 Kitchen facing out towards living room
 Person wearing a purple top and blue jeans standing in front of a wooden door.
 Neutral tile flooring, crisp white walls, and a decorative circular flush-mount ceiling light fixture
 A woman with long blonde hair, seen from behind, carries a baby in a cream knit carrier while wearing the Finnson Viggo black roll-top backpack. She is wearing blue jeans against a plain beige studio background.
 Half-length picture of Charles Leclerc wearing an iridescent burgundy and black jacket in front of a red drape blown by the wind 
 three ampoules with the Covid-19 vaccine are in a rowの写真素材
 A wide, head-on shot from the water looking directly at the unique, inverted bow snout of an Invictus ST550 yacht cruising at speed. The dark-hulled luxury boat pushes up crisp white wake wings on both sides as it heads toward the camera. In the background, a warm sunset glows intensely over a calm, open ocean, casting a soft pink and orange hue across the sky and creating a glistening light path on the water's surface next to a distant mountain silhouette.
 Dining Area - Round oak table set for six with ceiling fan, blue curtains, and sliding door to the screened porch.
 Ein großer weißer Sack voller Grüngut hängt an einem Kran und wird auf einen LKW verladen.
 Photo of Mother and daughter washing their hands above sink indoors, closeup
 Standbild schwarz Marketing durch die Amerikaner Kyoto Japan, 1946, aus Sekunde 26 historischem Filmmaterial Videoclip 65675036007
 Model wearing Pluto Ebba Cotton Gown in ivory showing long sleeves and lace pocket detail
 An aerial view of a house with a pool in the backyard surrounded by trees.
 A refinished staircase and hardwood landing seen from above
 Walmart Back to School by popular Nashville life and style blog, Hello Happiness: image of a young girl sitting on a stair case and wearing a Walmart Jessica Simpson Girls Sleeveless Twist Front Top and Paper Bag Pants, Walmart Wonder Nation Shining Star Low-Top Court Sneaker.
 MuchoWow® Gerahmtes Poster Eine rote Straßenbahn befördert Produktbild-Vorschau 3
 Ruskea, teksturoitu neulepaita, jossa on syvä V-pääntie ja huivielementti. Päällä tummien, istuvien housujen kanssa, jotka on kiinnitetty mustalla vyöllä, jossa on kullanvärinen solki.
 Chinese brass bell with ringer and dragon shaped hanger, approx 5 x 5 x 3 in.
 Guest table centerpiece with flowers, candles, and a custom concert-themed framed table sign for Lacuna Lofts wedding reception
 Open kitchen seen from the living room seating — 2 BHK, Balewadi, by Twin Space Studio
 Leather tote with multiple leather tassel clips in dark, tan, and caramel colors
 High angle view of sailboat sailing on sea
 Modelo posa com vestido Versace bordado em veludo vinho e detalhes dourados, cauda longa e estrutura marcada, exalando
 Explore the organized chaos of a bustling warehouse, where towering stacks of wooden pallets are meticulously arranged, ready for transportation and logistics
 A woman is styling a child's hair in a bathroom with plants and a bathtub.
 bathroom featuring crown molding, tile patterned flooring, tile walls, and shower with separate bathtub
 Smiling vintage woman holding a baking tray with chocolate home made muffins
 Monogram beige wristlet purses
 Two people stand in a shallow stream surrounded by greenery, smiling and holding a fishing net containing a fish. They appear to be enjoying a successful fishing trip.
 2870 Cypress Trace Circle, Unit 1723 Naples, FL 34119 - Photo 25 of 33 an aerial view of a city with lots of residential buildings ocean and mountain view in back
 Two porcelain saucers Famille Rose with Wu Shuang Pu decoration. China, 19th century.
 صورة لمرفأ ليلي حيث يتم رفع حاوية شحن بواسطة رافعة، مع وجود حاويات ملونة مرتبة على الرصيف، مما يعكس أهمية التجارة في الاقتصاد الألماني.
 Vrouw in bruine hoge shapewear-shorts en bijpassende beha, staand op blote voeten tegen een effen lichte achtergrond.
==============================
EXERCISE BRIEF | Your response should be the lines above from the first to the one containing "three ampoules with", inclusive, each given exactly.

RESULT BELOW |
 Kitchen facing out towards living room
 Person wearing a purple top and blue jeans standing in front of a wooden door.
 Neutral tile flooring, crisp white walls, and a decorative circular flush-mount ceiling light fixture
 A woman with long blonde hair, seen from behind, carries a baby in a cream knit carrier while wearing the Finnson Viggo black roll-top backpack. She is wearing blue jeans against a plain beige studio background.
 Half-length picture of Charles Leclerc wearing an iridescent burgundy and black jacket in front of a red drape blown by the wind 
 three ampoules with the Covid-19 vaccine are in a rowの写真素材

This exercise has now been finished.